*WORK TO COMPLETE:*
Would you return the data below exactly as it stands, with every picture left out?

• • • • • • •

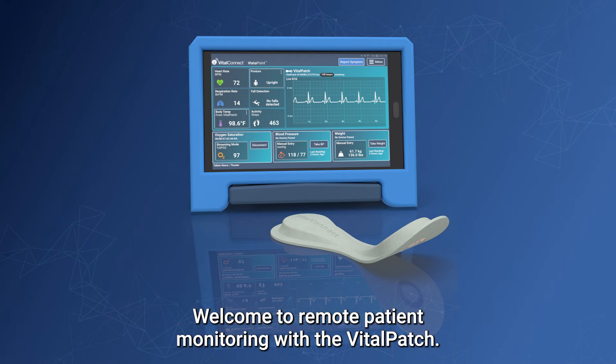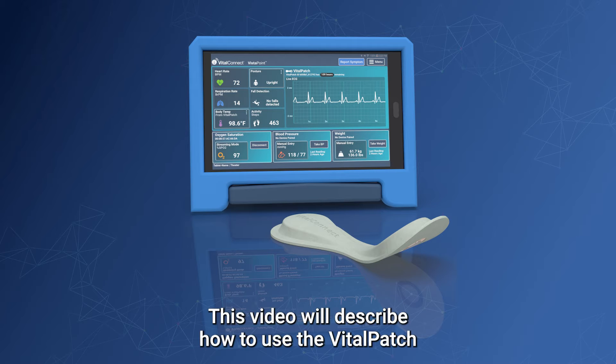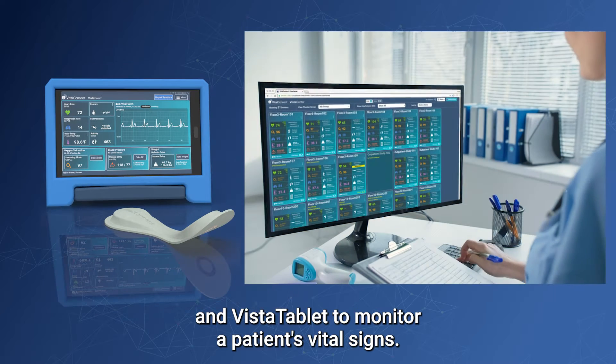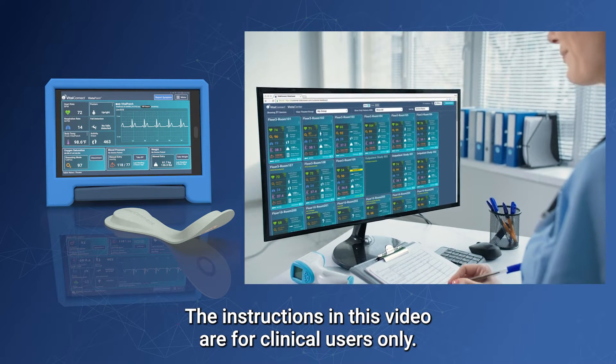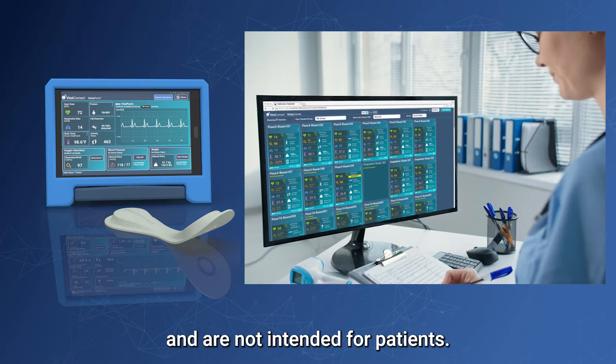Welcome to remote patient monitoring with the Vitalpatch. This video will describe how to use the Vitalpatch and Vista tablet to monitor a patient's vital signs. The instructions in this video are for clinical users only and are not intended for patients.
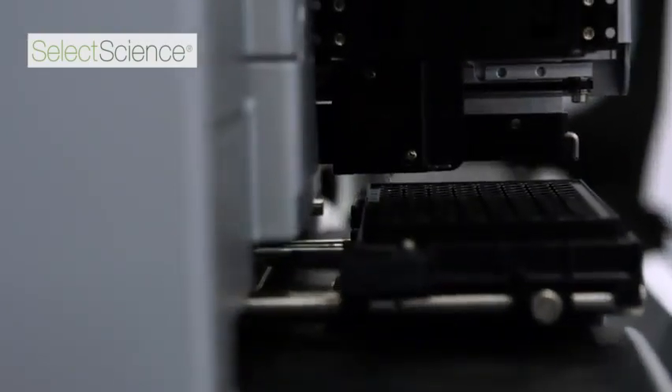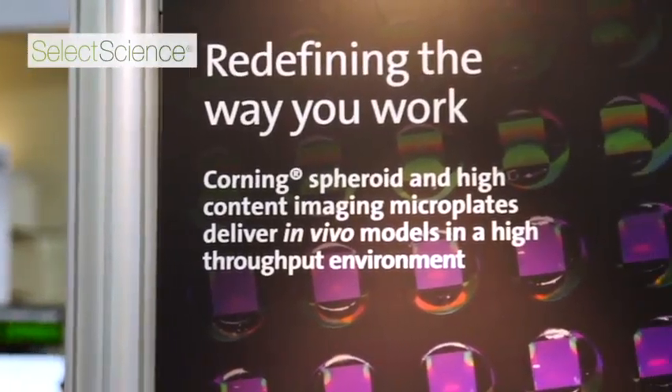We can perform microscopy-based assays, and also with their high content line of microplates, we can perform assays that require higher magnification such as 20X, 40X, or 60X, that give you a larger amount of information from this type of assay.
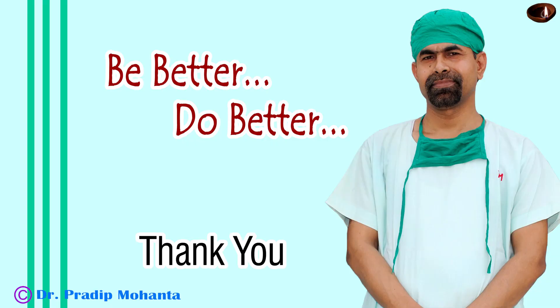Thank you very much for your attention. Hope this video will help you in developing your surgical skills. Be a great surgeon and serve your patients with love, respect, and empathy, and great surgical competence.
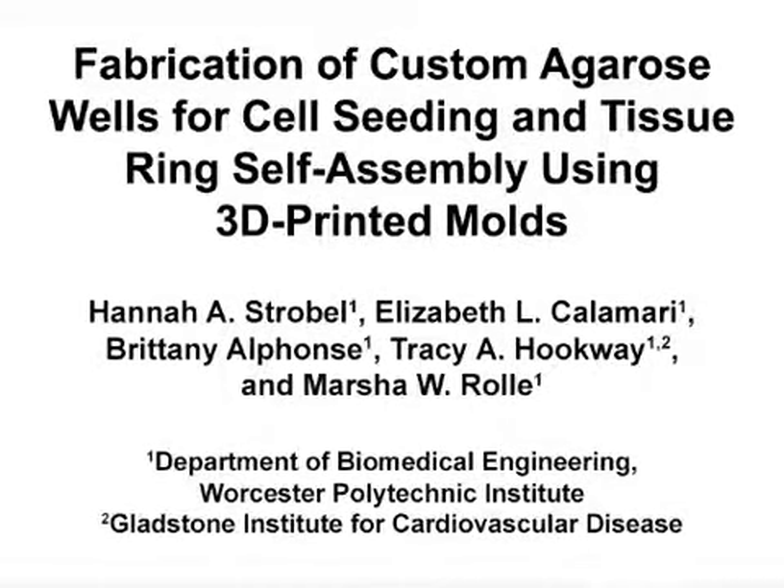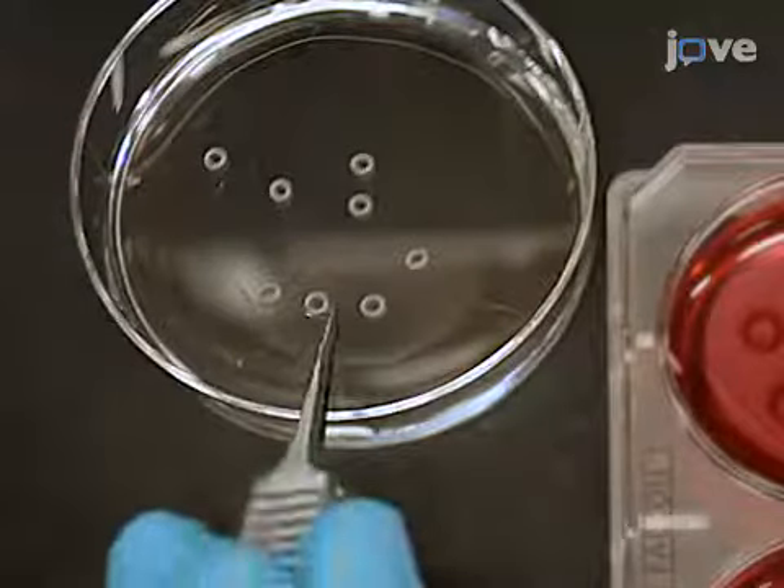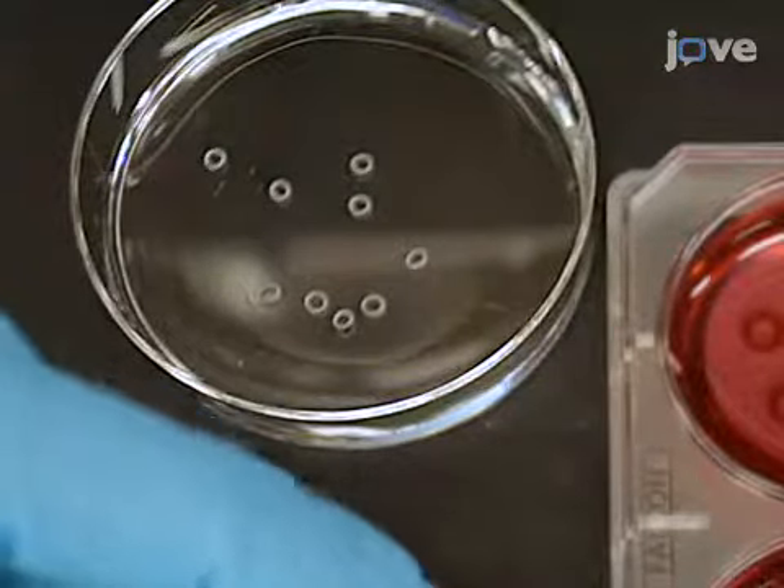The overall goal of this procedure is to create custom cell seeding molds that are used to make self-assembled tissue rings of various dimensions. This method allows us to create three-dimensional tissue rings from human cells that can be used to evaluate tissue structure, strength, and function. The primary advantage of this technique is that it is a simple method for fabricating molds for self-assembled tissues with custom dimensions.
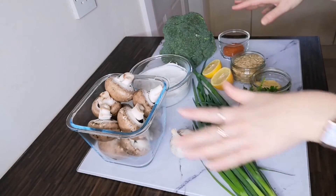Brown rice is packed full of fiber, which is essentially food for our gut bacteria. This is a perfect seasonal dish that is naturally vegan and gluten-free without compromising on flavor.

• • • • • • •

*SOLUTION TO THE EXERCISE:*
Welcome to remote patient monitoring with the Vitalpatch. This video will describe how to use the Vitalpatch and Vista tablet to monitor a patient's vital signs. The instructions in this video are for clinical users only and are not intended for patients.
We can perform microscopy-based assays, and also with their high content line of microplates, we can perform assays that require higher magnification such as 20X, 40X, or 60X, that give you a larger amount of information from this type of assay.
Thank you very much for your attention. Hope this video will help you in developing your surgical skills. Be a great surgeon and serve your patients with love, respect, and empathy, and great surgical competence.
The overall goal of this procedure is to create custom cell seeding molds that are used to make self-assembled tissue rings of various dimensions. This method allows us to create three-dimensional tissue rings from human cells that can be used to evaluate tissue structure, strength, and function. The primary advantage of this technique is that it is a simple method for fabricating molds for self-assembled tissues with custom dimensions.
Brown rice is packed full of fiber, which is essentially food for our gut bacteria. This is a perfect seasonal dish that is naturally vegan and gluten-free without compromising on flavor.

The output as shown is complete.